We, too, like Matthew, need to worship, we who rush around like squirrels for

acorns.

We need to worship, we who subordinate our lives to work and thereby jeopardize

our families and lose our own souls.

We need to worship, we who are lonely to the point of hanging on by our

 fingernails to what little faith we have.

We need to worship, we who go it alone following the siren song of the self-made

man or woman, even though we know all along that we have not been nor eve shall be.

We need to worship; for God is, we are, and in that relationship is the basis of all

life worth living…even, especially, for the wise and wealthy, the powerful and pedigreed..

 

And what symbolism there is in their royal gifts to the Christ-child—gold, frankincense, and myrrh!

 

Gold, of course, represents our worldly substance—our households and all the stuff in them, our investment portfolios and the like, which cry out these days as much as ever to be dedicated to Christ. Look carefully and prayerfully at the widening gap between rich and poor, the billions spent on war with others, on defense of ourselves. And imagine them offered to Christ!

 

Frankincense has come to represent our innermost thoughts, which along with our worldly goods these wise men-kings offer to Christ. Often we talk—I talk—of the pursuit of truth as if truth were something not just elusive but evasive, dodging and hiding from the personal exposure which truths brings. Certainly the truth we see in Christ is one that searches for us, seeking to deepen our innermost thoughts and redirect them from selfish interests toward God and our neighbors.

 

And finally, because it is used in embalming, myrrh has come to stand for our sorrow and suffering, the hardest things, perhaps, to dedicate to Christ. When we lose something near and dear to us—a marriage through divorce, our children through tragedy, our parents through age or Alzheimer’s, a long and happily held job through attrition or downsizing or through some principality or power we cannot control, we often turn away from God, forgetting that God’s heart is as broken as our own and God’s tears the first to fall.

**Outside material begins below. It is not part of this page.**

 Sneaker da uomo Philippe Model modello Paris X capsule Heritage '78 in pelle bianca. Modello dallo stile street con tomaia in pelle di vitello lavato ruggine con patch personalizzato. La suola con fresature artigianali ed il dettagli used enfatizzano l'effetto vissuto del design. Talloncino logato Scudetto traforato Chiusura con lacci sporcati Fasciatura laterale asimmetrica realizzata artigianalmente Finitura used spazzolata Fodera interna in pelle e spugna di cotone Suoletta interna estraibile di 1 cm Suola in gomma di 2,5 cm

And sometimes what these moments reveal is a hard truth: namely, that we have been using God to realize our ambitions—good ambitions, but ours nonetheless—rather than make ourselves available to God to fulfill divine ambitions through us. If God can use our money, if God can use our innermost thoughts, how much more can God do with our suffering and our sorrow; and in handing over our to God our suffering and sorrow, therein lies our best hope, in God’s gracious time, for healing broken hearts.

 

Dearly beloved, and especially you dearly beloved new Elders and Deacons, on this Epiphany Sunday, let us join the wise men/kings and go to Bethlehem and see this child who has been born. To this Christ child let us bring our gold, frankincense and myrrh---our worldly goods, our innermost thoughts, and our suffering hearts that the flower of Christmas may bloom back home in your family, in your church, in your community, nation, and world until once again we gather to celebrate the birth of our Savior and Lord.